On m’a demandé une fois, pendant un stage de formation, de faire le portrait du professeur idéal. J’ai dit, naïvement, que, dans l’idéal, il doit être un prestidigitateur, mais que, hélas, moi, personnellement, je suis loin d’être comme ça et que, le plus probablement, on ait beau faire son portrait, un tel prof n’existe pas. Ma sincérité a été prise comme un signe de faiblesse, car parler de nos vulnérabilités, en tant que professionnels de l’enseignement – voilà un sujet qui ne fait jamais l’objet des séminaires destinés aux enseignants.
Or, notre mission est tellement compliquée que ce serait tout à fait normal d’exposer ses inégalités, de parler de nos éventuels échecs mais aussi de nos visions et de nos expériences différentes et pour cela, enrichissantes. Pour soutenir ma thèse je vais donner comme exemple un article que je viens de lire dans Dilema Veche et où il était question, parmi d’autres, des profs qui enseignent des matières «moins importantes», ça veut dire celles dont les contenus ne sont pas évalués dans le cadre des examens nationaux. Une de nos collègues, citée par l’auteur dudit article, lui aussi professeur, suggérait que ces confrères ont la vie beaucoup plus facile que les autres, qui subissent la pression des examens. Moi, je dirais tout le contraire: ceux-ci, s’ils choisissent, et oui, c’est toujours un choix personnel, même intime, de bien faire leur métier, ça veut dire, d’enseigner et d’évaluer sérieusement, eh bien, ceux-ci seront montrés du doigt par tout le « système » : par les élèves et leurs parents, par leurs collègues et leurs directeurs: «mais pour qui il se prend, celui-ci» avec sa classe d’éducation physique, d’éducation visuelle, d’éducation financière ? Et la liste peut continuer avec toutes les matières, sauf celles qui font l’objet de l’évaluation nationale ou du baccalauréat. Je fais cette observation en aucun cas pour polémiquer, mais pour illustrer les multiples visages de notre métier.
Dans ce contexte, ce que moi j’attendrais de nous, les professeurs de Roumanie est de faire un exercice de sincérité. Et si on disait, haut et fort : nous faisons un métier terriblement complexe et compliqué, avec des défis quotidiens, nous sommes hyper exposés à toute sorte d’agressivités, nous sommes dans la première ligne d’un monde plutôt agressif, car toujours en mutation ?
Disons que, par des raisons diverses et qui tiennent de l’époque dans laquelle nous vivons, nos élèves et leurs parents sont des spectateurs extrêmement exigeants, parfois insensés, et que, d’autre part, nous aussi, nous avons droit à l’erreur, comme tout être humain ! Disons encore que oui, quelquefois et même souvent, nous réussissons admirablement, mais, qu’il y a, par contre, des situations où on ne peut rien faire et d’autres encore où même si on fait beaucoup, on échoue lamentablement !

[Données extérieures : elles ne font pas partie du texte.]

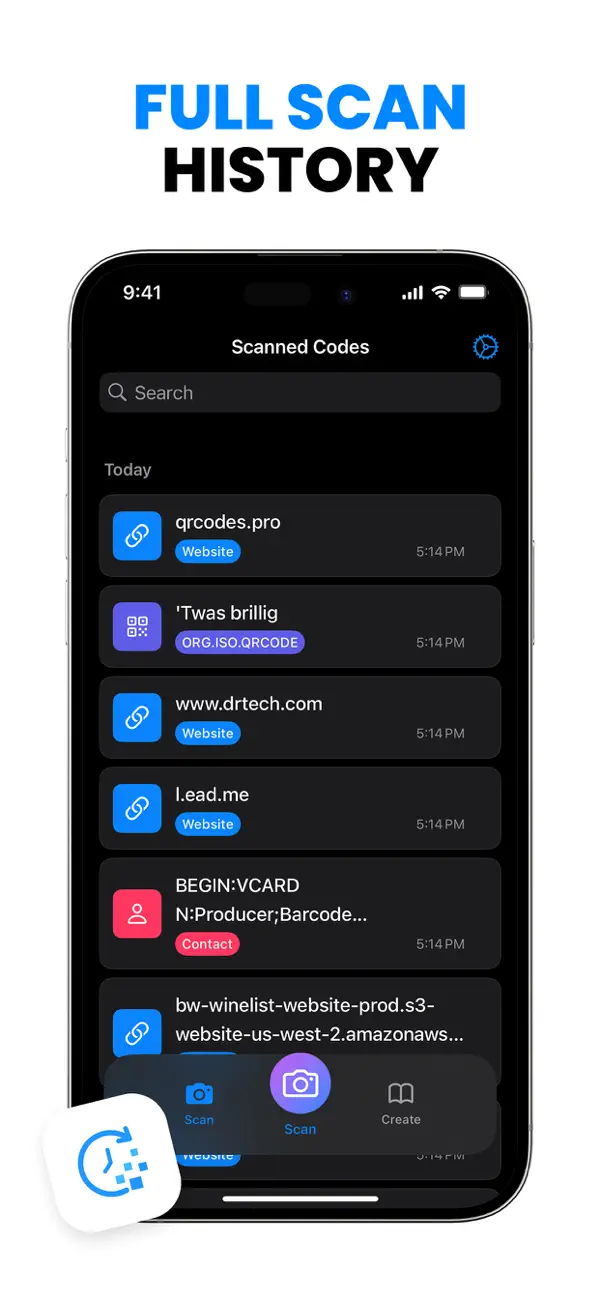 #4. QR Code: Reader & Maker (iOS) 게시자: Appsolut Limited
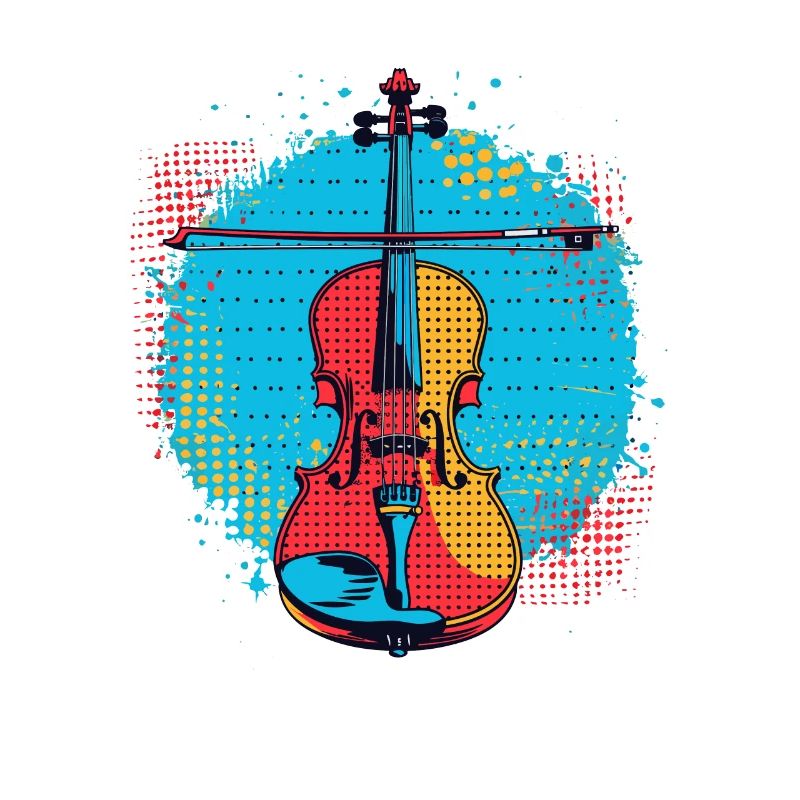Dessin de violon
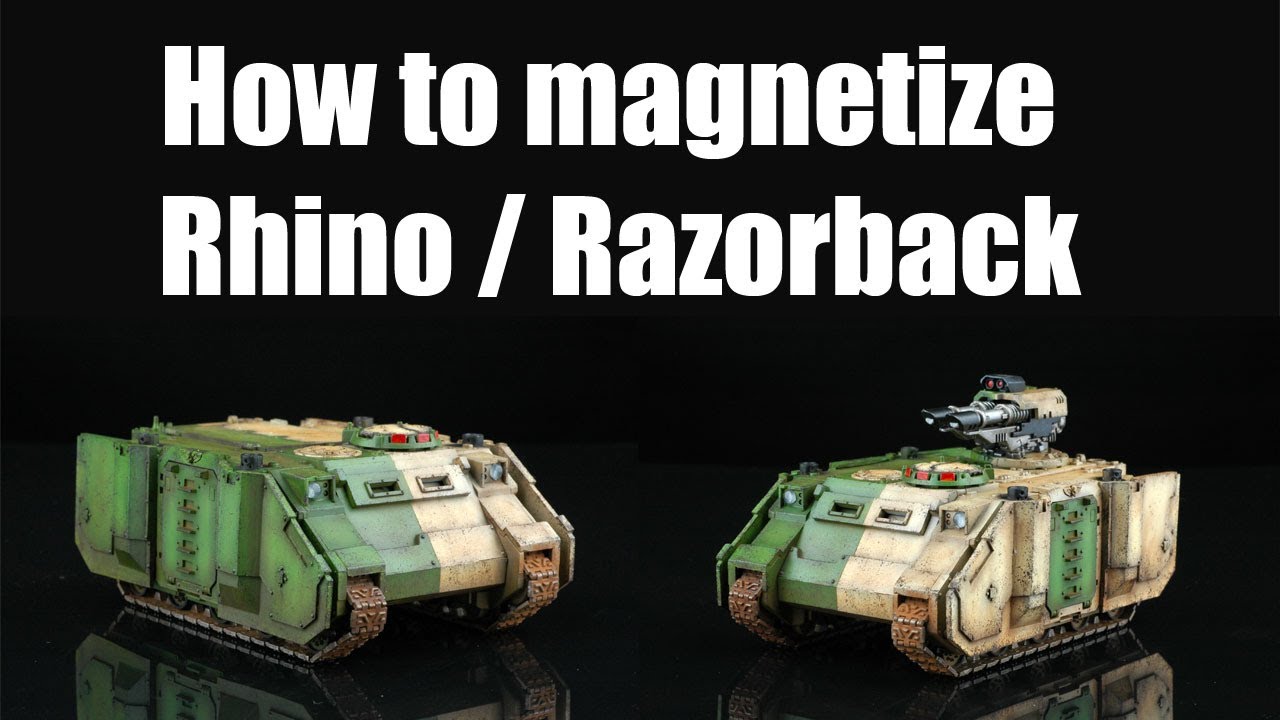 How to magnetize a Rhino - Razorback conversion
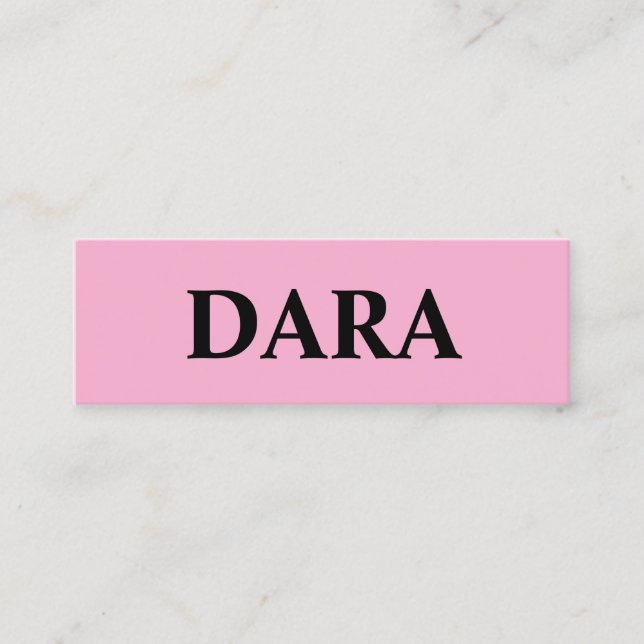 Affärskort Mini Visitkort (Framsida)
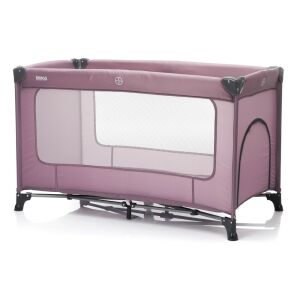 Fillikid Nizza utazóágy málna színben, oldalnézet - Utazóágy és Kiegészítői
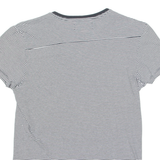 ADIDAS ORIGINALS Striped Womens T-Shirt Black V-Neck S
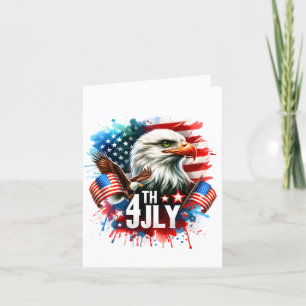 Cartes Pour Fêtes Annuelles Sublimation d'aigle patriotique américain-61905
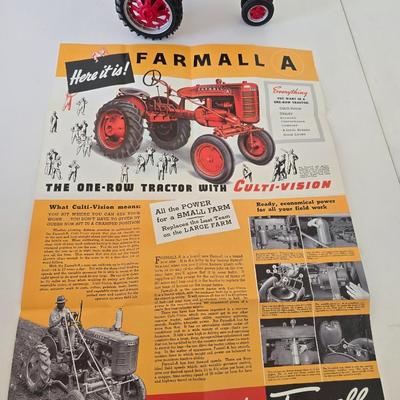 McCormick Farmall Tractor – Red Die-Cast Model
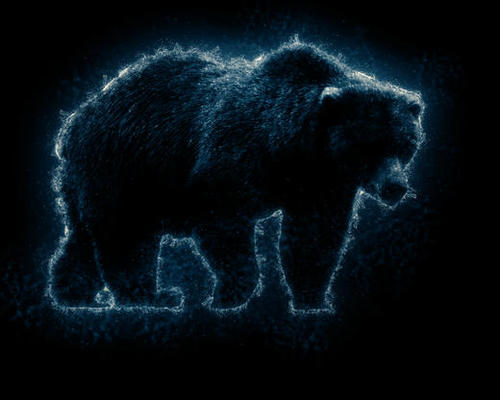 Splash Bear  Mural by Amir Faysal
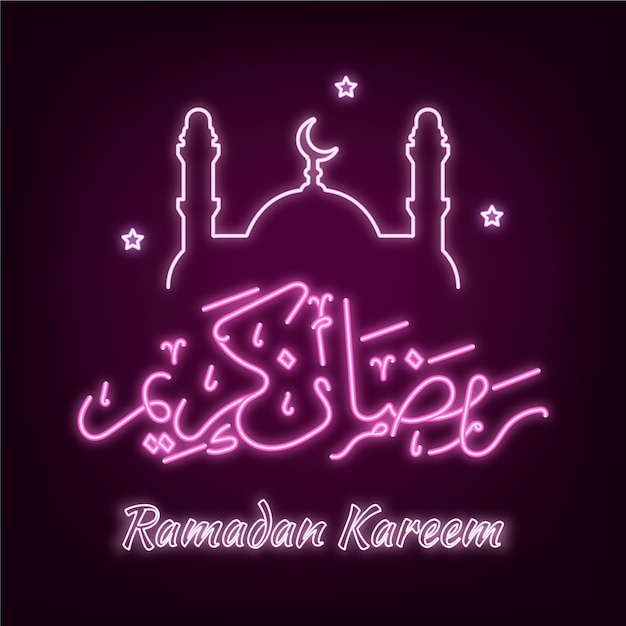 Ramadan Napis Neon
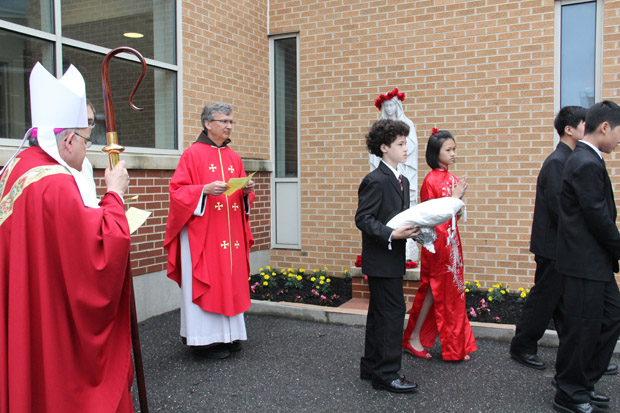 Archbishop Charles Chaput at Holy Redeemer Parish in Philadelphia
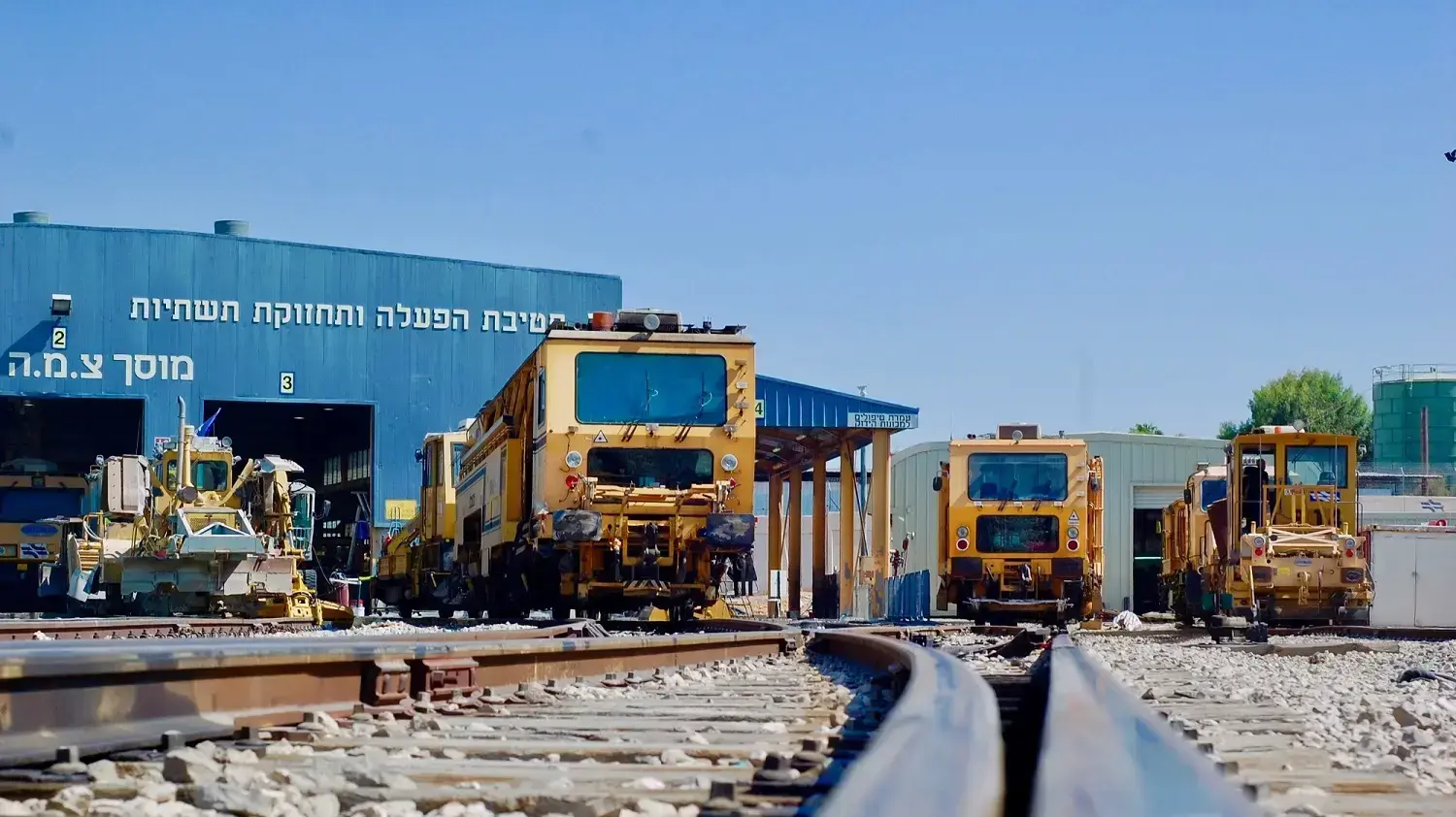 הכלים הכבדים של רכבת ישראל הכלים הכבדים של רכבת ישראל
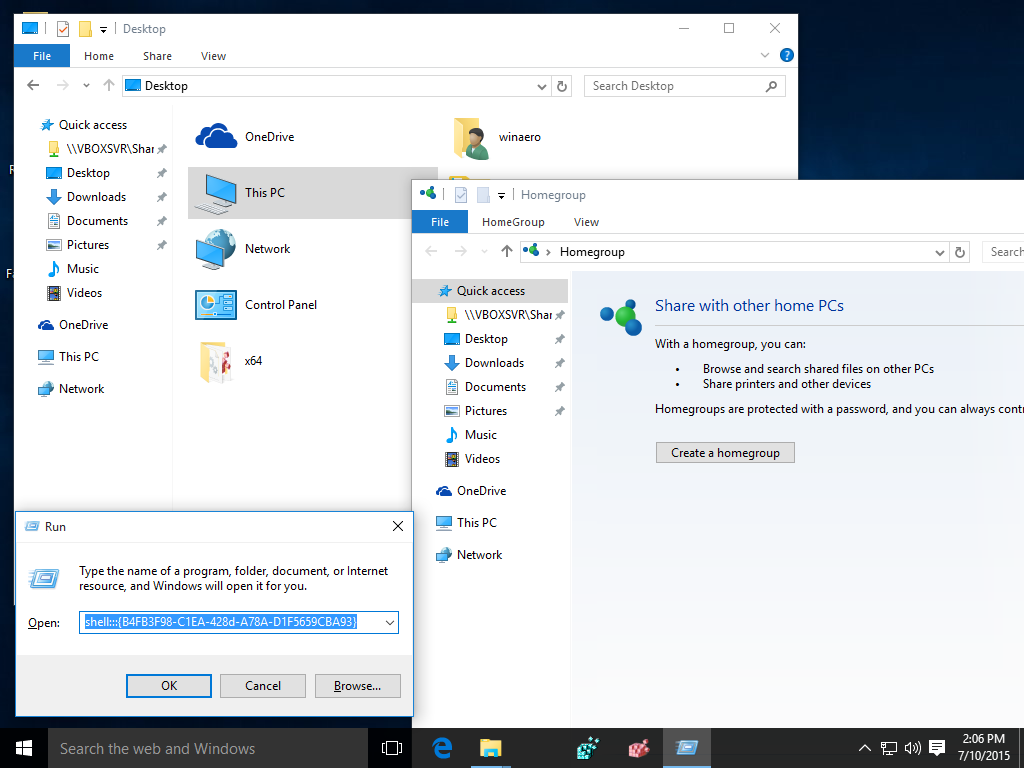 home network file sharing windows 10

Pour moi, chaque jour à l’école c’est monter une montagne. Quand j’ai de la chance, quand je suis inspirée, quand je suis reposée, quand je bénéficie d’un contexte heureux, je réussis, je monte au sommet et il m’arrive d’avoir des satisfactions certaines.
Il y a, nonobstant, des jours où, malgré mes efforts, je reste à la base de cette montagne ou je ne suis pas capable que d’arriver au premier plateau.
Et pourtant, ça ne m’empêche pas, le lendemain, d’essayer de la monter de nouveau, et pas comme Sisyphe, mais comme quelqu’un qui espère, qui désespère, qui croit toujours, et qui ne se résigne jamais.